A Keogh retirement plan is a plan which can be set up by self-employed people. Also called the HR 10 plans, these plans are mostly set up people with higher levels of income. This is because unlike other retirement plans such as IRAs , the limit of the money which can be contributed is high.
Whereas in IRAs you can contribute $10000 if you file for it individually, in Keogh plan , you can contribute around $53000.
Though, contributing in Keogh plans have their disadvantages as well. One of the biggest one being more administrative paperwork.
Most other people with small businesses can manage to do their calculations themselves, but you may need professional help to perform the complex calculations involved in setting up a Keogh retirement plan. Also, Keogh retirement plans can be set up only by people who own their own business be it in sole proprietorship, partnership or even LLC, meaning that if you are working as an independent contractor, you will not be eligible to set up the Keogh. Contributions must be pre-tax, that is, they can be deducted from the current year’s tax, but you will have to pay tax when you will be withdrawing your money after the period of the plan is over. Also you cannot withdraw money before you turn 59.5. If you do penalties may be applied.

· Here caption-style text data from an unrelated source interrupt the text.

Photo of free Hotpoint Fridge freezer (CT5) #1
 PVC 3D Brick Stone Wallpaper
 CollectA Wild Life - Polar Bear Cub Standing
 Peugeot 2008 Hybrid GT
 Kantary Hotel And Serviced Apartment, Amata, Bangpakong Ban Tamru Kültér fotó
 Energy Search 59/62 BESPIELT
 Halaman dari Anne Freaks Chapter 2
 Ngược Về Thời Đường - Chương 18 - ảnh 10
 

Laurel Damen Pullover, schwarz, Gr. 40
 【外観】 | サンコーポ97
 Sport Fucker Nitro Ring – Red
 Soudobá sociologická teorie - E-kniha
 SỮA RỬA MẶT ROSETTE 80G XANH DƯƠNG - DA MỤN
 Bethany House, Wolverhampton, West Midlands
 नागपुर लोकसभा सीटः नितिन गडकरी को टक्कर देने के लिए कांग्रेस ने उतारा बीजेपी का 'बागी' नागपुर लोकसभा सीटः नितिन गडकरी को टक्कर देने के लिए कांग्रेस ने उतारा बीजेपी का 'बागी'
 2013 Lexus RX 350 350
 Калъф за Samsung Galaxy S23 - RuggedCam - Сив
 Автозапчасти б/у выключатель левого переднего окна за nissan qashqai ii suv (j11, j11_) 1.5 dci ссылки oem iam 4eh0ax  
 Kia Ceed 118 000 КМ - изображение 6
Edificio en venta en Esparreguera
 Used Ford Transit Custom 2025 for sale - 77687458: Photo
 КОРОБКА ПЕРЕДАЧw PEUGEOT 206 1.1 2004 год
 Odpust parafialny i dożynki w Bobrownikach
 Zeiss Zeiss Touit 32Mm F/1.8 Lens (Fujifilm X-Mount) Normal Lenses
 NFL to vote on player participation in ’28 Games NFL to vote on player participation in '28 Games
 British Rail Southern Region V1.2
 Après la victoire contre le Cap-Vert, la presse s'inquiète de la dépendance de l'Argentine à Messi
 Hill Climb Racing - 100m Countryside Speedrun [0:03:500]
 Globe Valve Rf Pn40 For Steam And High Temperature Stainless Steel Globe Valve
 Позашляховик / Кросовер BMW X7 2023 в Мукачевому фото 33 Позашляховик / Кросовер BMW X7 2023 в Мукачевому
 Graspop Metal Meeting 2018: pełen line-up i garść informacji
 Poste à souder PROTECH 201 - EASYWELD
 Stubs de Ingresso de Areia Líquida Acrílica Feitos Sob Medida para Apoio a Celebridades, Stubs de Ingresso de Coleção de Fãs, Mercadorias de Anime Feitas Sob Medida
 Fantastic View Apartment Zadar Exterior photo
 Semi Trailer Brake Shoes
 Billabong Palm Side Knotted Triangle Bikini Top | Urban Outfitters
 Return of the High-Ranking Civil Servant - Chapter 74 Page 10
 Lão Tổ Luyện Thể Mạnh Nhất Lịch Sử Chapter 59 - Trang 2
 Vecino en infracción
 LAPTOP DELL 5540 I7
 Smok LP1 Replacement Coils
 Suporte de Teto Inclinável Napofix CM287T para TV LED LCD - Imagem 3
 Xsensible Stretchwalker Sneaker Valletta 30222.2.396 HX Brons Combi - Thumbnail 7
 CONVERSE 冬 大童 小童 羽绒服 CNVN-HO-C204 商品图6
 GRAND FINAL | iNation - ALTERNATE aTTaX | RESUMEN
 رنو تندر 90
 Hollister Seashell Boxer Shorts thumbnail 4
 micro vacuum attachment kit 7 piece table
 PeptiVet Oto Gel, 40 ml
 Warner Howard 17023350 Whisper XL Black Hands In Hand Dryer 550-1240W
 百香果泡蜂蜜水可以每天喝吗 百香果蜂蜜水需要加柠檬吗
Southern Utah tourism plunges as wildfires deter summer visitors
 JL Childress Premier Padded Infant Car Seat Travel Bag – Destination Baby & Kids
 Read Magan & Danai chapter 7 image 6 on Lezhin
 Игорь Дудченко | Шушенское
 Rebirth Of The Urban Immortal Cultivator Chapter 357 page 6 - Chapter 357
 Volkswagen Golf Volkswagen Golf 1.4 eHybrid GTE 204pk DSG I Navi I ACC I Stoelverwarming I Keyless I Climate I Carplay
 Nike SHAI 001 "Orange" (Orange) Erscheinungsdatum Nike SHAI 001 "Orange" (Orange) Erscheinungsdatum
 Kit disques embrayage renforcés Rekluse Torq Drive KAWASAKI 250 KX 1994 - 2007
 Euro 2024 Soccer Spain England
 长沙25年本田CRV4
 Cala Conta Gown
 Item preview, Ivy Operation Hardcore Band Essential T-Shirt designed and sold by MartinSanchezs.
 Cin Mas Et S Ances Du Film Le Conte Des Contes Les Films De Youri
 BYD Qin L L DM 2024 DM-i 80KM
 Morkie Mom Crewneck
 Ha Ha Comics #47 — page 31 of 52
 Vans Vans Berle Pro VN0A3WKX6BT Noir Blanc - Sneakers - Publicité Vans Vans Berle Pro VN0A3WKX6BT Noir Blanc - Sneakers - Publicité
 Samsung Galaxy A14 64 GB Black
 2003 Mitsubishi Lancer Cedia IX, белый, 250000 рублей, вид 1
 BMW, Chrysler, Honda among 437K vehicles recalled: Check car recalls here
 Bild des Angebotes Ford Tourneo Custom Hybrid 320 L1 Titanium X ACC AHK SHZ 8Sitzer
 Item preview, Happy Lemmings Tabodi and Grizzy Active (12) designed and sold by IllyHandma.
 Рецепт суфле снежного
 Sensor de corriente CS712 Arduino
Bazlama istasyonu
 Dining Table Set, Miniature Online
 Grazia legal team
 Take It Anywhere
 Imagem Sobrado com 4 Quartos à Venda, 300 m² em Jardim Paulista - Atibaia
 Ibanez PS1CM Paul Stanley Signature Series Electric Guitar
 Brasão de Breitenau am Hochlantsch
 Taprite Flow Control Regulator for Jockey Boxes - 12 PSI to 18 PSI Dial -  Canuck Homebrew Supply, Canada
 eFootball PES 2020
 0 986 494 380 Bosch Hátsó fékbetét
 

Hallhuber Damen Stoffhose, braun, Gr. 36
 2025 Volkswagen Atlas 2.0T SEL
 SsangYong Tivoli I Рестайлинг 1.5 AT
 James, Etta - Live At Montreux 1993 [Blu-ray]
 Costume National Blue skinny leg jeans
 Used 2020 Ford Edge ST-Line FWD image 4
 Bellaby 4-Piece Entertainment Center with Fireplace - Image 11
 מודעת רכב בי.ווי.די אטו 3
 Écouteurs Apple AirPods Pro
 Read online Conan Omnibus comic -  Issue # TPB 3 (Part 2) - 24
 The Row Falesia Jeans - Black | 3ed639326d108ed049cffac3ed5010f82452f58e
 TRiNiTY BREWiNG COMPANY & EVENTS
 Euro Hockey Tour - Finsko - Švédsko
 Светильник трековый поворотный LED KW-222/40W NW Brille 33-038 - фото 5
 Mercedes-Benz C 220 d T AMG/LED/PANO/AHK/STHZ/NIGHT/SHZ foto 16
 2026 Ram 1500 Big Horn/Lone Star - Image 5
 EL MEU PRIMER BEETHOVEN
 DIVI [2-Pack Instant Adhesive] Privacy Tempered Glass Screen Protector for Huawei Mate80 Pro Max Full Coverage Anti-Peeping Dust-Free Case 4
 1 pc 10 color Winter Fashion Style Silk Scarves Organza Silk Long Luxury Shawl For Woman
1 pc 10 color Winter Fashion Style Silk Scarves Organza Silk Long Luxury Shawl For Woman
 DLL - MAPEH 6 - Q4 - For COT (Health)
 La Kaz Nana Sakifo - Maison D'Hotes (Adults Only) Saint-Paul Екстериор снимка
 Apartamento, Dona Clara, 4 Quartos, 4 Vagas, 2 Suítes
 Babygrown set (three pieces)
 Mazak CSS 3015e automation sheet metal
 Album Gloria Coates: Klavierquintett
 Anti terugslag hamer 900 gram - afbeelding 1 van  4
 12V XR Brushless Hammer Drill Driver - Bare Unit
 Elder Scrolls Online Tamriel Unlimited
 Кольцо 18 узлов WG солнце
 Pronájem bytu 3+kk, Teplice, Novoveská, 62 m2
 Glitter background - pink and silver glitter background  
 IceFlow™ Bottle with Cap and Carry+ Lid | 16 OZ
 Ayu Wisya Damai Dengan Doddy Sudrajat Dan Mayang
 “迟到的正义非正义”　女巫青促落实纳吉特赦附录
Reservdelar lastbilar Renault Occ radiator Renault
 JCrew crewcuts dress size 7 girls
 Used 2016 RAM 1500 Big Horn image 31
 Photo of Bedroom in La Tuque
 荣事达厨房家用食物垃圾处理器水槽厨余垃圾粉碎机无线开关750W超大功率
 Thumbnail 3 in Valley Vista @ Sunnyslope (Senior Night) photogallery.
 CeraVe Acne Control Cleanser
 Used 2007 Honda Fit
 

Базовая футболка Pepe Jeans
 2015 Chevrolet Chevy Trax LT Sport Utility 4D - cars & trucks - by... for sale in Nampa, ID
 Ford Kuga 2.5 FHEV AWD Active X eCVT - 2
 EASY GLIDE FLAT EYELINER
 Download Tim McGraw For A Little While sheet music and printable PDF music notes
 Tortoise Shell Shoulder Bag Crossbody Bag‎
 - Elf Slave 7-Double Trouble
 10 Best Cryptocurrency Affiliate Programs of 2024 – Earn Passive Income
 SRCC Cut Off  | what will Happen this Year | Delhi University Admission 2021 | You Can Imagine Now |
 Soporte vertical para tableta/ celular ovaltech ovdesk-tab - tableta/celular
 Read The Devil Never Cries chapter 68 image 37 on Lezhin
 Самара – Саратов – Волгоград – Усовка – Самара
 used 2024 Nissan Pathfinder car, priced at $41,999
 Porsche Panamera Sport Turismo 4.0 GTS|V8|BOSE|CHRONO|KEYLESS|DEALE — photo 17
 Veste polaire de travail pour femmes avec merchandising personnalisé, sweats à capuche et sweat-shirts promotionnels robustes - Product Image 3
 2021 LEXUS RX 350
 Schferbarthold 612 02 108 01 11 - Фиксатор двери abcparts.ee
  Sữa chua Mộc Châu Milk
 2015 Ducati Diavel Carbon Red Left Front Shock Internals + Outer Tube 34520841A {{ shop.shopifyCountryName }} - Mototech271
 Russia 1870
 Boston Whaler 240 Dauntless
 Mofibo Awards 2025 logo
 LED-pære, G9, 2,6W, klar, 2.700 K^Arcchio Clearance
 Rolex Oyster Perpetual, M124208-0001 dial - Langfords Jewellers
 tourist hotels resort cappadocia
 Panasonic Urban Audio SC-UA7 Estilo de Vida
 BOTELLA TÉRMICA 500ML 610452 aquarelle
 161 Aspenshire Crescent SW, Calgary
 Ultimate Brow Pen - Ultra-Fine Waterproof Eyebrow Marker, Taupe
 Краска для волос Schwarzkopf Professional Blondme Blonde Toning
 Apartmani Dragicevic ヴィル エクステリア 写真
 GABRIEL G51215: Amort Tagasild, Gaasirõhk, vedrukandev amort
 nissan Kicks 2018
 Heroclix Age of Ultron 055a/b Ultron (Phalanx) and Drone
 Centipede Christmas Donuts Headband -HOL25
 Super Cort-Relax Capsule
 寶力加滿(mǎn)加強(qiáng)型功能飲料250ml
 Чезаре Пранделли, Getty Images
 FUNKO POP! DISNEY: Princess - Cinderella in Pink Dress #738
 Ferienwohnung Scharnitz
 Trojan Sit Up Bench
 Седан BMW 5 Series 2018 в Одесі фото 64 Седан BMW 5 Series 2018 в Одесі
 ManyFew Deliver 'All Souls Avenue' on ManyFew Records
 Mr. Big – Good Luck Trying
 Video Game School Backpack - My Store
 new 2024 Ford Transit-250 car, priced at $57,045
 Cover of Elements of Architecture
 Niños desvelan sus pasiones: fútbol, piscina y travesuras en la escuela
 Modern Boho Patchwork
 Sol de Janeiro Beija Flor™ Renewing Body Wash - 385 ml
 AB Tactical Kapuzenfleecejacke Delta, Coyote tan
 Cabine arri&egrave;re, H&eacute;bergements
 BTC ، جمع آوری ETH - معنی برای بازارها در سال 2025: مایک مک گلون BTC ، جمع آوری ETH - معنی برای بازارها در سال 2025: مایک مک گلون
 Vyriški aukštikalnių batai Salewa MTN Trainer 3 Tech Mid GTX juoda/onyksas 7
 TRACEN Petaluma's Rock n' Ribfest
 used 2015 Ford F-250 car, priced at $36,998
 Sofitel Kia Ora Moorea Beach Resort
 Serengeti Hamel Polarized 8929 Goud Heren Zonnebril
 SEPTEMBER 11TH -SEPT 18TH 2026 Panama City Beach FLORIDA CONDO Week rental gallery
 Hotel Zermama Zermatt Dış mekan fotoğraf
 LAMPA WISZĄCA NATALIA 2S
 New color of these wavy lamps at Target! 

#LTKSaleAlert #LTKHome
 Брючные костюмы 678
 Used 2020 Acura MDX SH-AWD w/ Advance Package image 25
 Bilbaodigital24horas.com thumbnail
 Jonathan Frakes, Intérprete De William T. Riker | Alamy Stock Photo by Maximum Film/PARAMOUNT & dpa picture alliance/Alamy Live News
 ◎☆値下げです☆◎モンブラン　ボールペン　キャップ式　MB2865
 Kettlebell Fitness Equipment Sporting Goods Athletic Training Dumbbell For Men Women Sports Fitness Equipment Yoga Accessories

But if you have large incomes and want to go ahead with setting up a Keogh retirement plan for yourself, then you can choose from the two options available:
1. The first type is the defined-contribution plan. Here a certain percentage of the sum you earn is made during the pay period. You can basically draw out the amount you had invested in the years, at the end.
2. The second option is the defined-benefits plan, which is more complex than the defined-contribution plan. An IRS formula is required to calculate the amount of contributions you can make.
You can choose any of the one, as the funds collected in both the kinds of plan can be used to invest in other financial products such as stocks, mutual funds, bonds.